Il y a des annonces qu'on ne voit pas venir. The Division Resurgence qui débarque en version native sur Steam, avec du cross-play, c'en est une pour moi. Parce que je fais partie de ces gens qui ont englouti des centaines d'heures dans The Division premier du nom, puis dans le 2. Le loot, les zones sombres, la boucle "encore un objet un peu meilleur", tout ça m'a tenu bien plus longtemps que je ne l'avouerai jamais à voix haute. Alors forcément, ce Resurgence, je le regarde de très près.

Petit rappel utile : ce n'est pas The Division 3. C'est un spin-off free-to-play développé par Ubisoft, né sur mobile, qui pose aujourd'hui ses valises sur PC via Steam avec un vrai portage natif et le multi cross-plateforme.
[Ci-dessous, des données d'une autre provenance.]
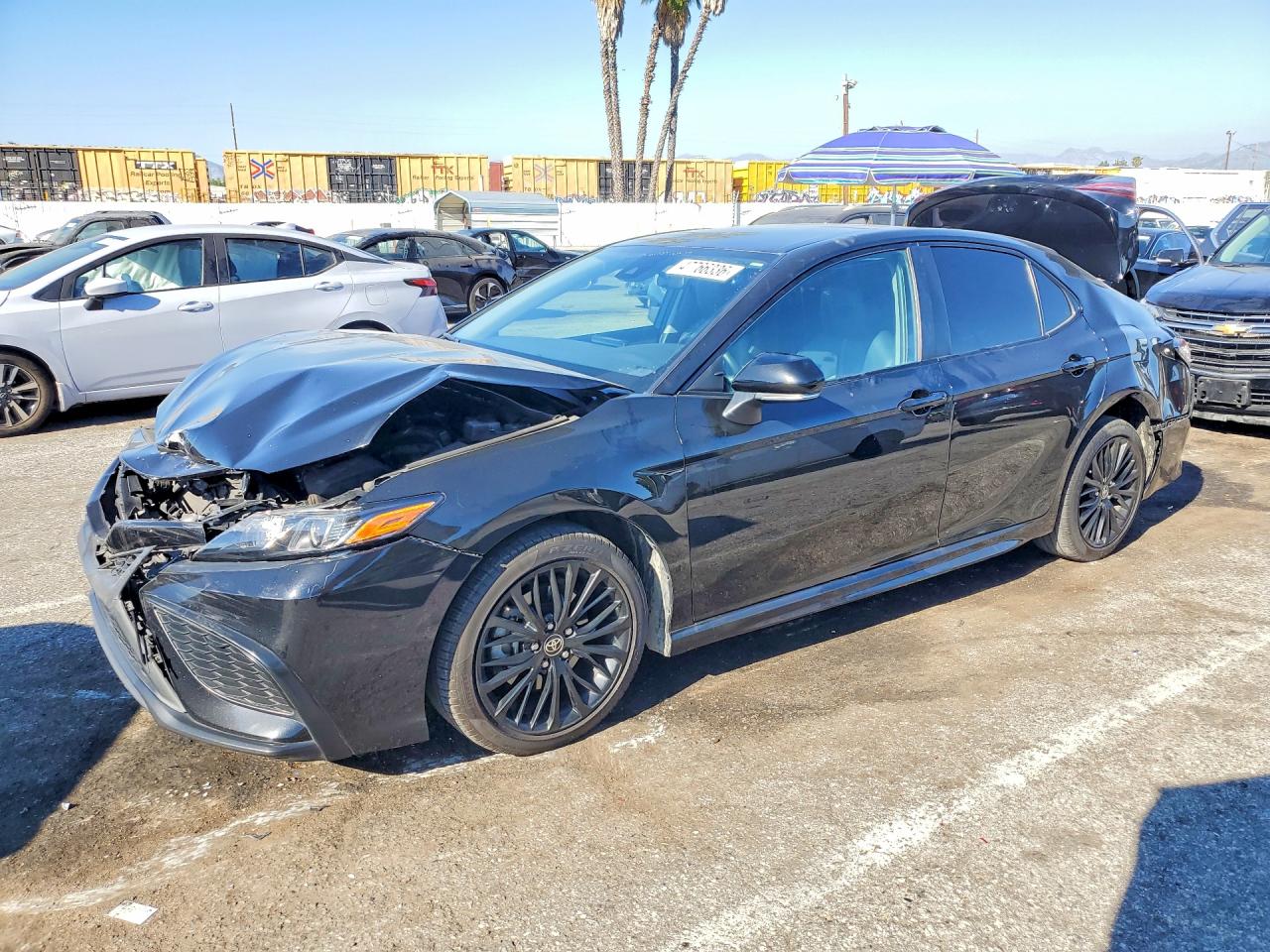 Salvage Toyota Camry Image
On reste dans le même univers, la même New York post-pandémie, le même TPS à couverture et à loot, mais dans une formule pensée pour être gratuite et jouable partout.
L'idée de retrouver gratuitement la boucle qui m'a happé, avec des centaines de missions et une map ouverte, c'est évidemment tentant. Sur le papier, tout ce que j'aimais est là : la fusillade tactique, l'agent qu'on bichonne, le stuff qu'on optimise pièce par pièce. Et le fait que ce soit natif sur Steam plutôt qu'un simple portage mobile mou, ça change beaucoup de choses sur le confort de jeu.
Maintenant, je ne vais pas jouer les naïfs. "Free-to-play" et "né sur mobile", ce sont deux drapeaux qui appellent la prudence. La vraie question, celle à laquelle je répondrai seulement manette en main, c'est le modèle économique. Est-ce que la progression respecte le joueur, ou est-ce qu'elle pousse gentiment vers la boutique ? Est-ce que le endgame tient sur la durée sans dégainer la carte bleue ? La licence a déjà connu des économies vertueuses et d'autres plus pressantes, et tout se jouera là.
Je réserve donc mon avis, c'est le principe d'une preview. Mais l'envie est là, intacte. Je vais créer un agent, retourner nettoyer New York, et voir si la magie du loot opère encore. Rendez-vous très vite pour un vrai test, une fois que j'aurai vérifié si ce Resurgence mérite les heures que je m'apprête à lui donner.